■ Exercise requirements
Pictures stay out of the copy. Retype exactly, and only, the lines from the one containing "Sketched silhouette of" through the end of the listing below.

■ Information supplied
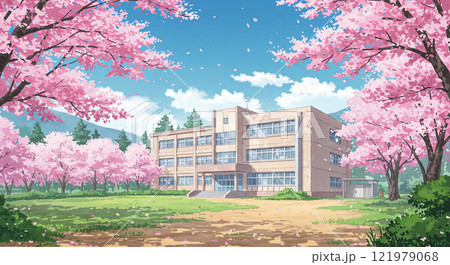【アニメ背景】桜咲く学校 【アニメ背景】桜咲く学校 121979068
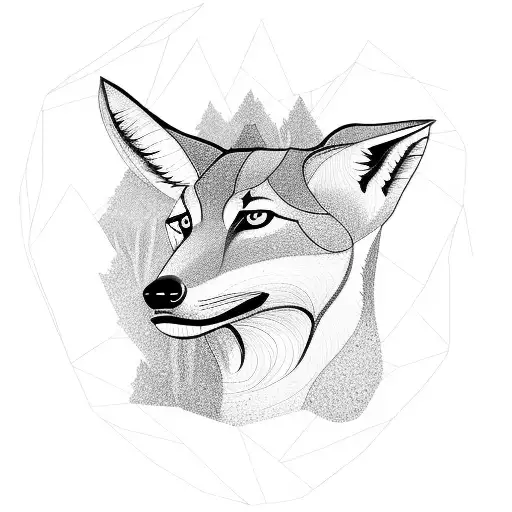 Sketched silhouette of a maned wolf blending into a lush wilderness tattoo design idea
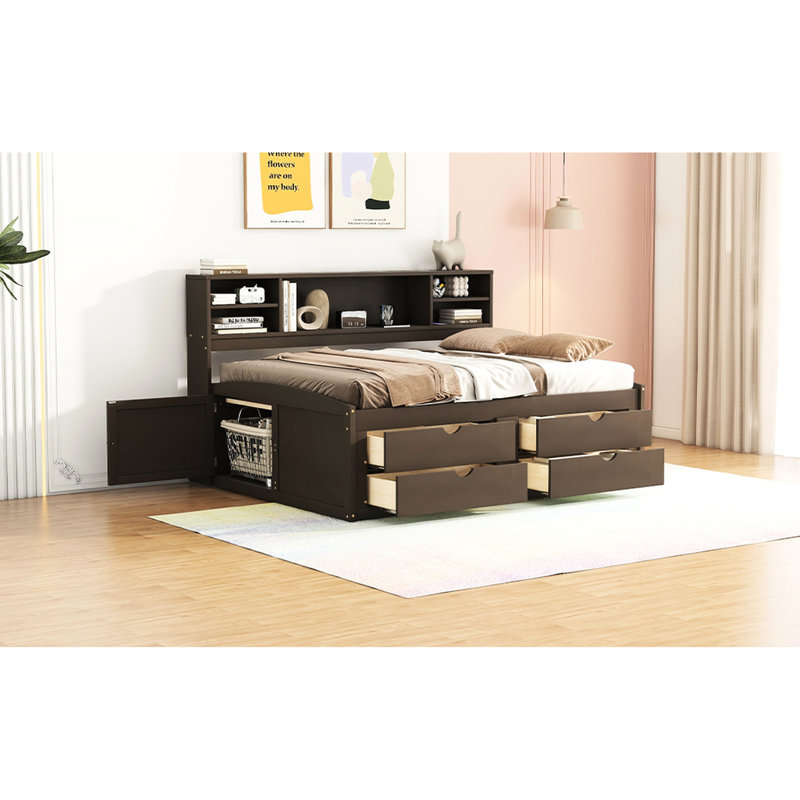 Allcot 4 Drawers Storage Daybed with Bookcase and Cabinet, Brown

■ Solution for this exercise
 Sketched silhouette of a maned wolf blending into a lush wilderness tattoo design idea
 Allcot 4 Drawers Storage Daybed with Bookcase and Cabinet, Brown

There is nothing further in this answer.